- Exercise goal
Copy exactly the stretch of data below from the line with "8904 Meadowknoll Drive, Dallas, TX" through the line with "achat maison savignac 33124", including both of those lines.

- Supplied material
◇ ◇ ◇ ◇ ◇
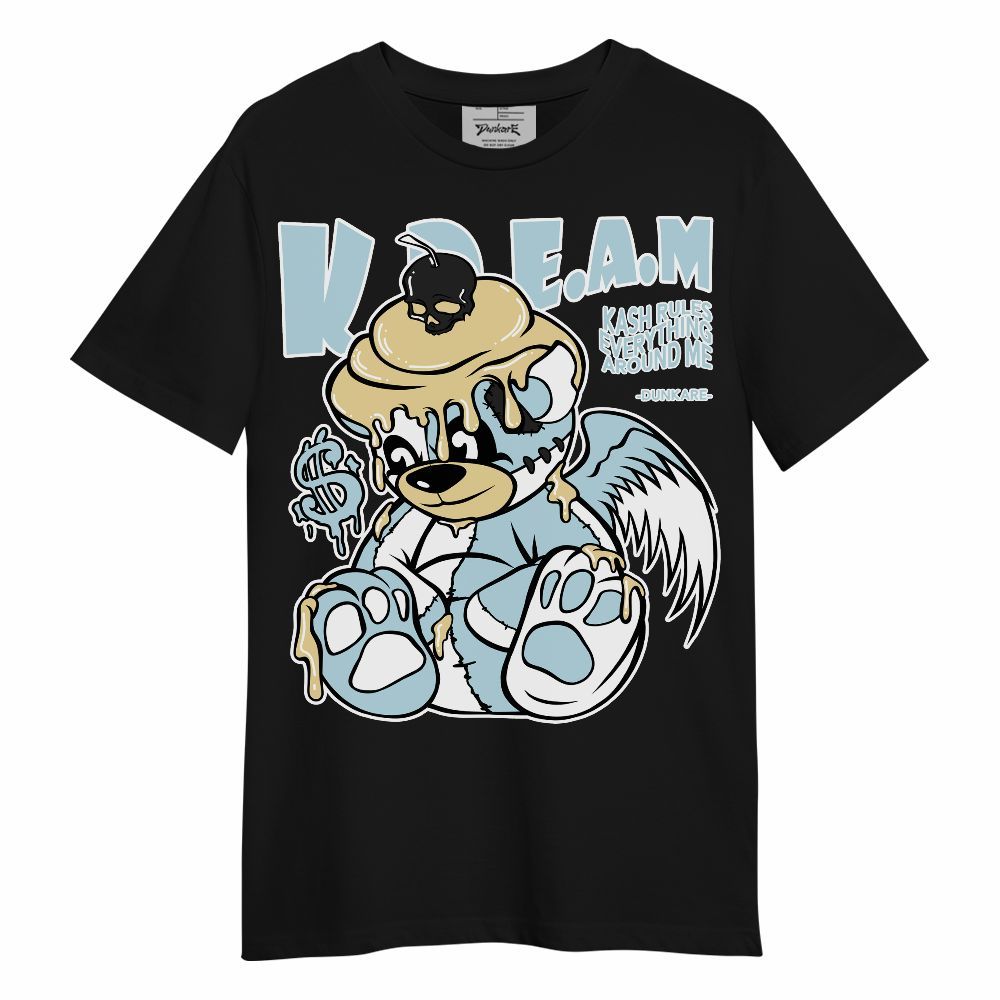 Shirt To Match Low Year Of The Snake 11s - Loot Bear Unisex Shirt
◇ ◇ ◇ ◇ ◇
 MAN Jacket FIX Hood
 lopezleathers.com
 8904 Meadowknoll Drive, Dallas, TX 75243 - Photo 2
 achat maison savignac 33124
◇ ◇ ◇ ◇ ◇
- Result below
 8904 Meadowknoll Drive, Dallas, TX 75243 - Photo 2
 achat maison savignac 33124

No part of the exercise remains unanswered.